• What to work on
Find the line containing "Canadian Patent Document" in the entries below. Restate it and each line after it, word for word, up to and including the line containing "Hanging Paper Fans".

• Records to process
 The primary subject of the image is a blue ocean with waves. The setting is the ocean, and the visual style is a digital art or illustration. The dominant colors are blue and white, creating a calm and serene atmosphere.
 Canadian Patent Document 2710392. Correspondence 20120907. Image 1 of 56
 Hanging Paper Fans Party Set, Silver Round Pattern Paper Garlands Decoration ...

==

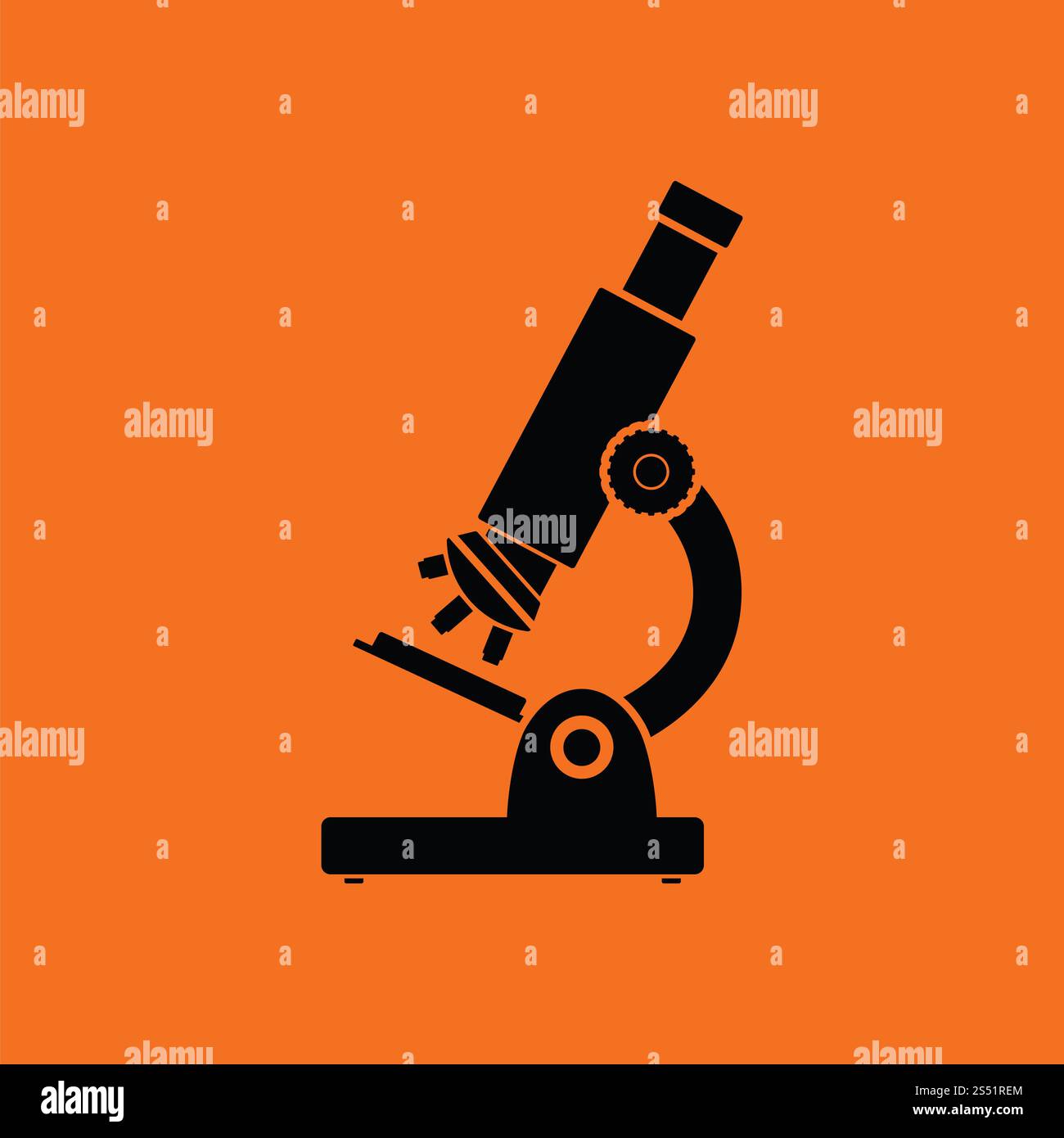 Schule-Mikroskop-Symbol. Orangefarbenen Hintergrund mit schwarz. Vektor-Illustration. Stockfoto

...

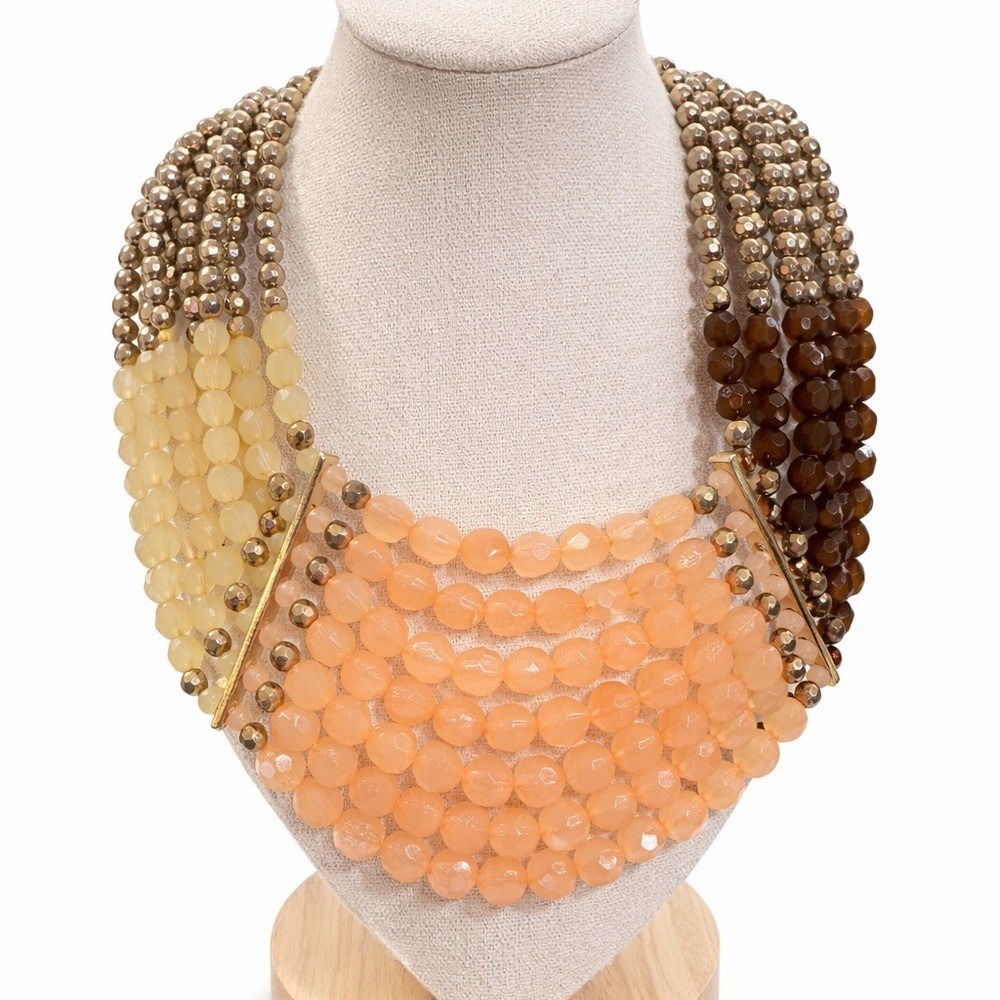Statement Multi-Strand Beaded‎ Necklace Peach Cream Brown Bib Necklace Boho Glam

• Solution for this task
 Canadian Patent Document 2710392. Correspondence 20120907. Image 1 of 56
 Hanging Paper Fans Party Set, Silver Round Pattern Paper Garlands Decoration ...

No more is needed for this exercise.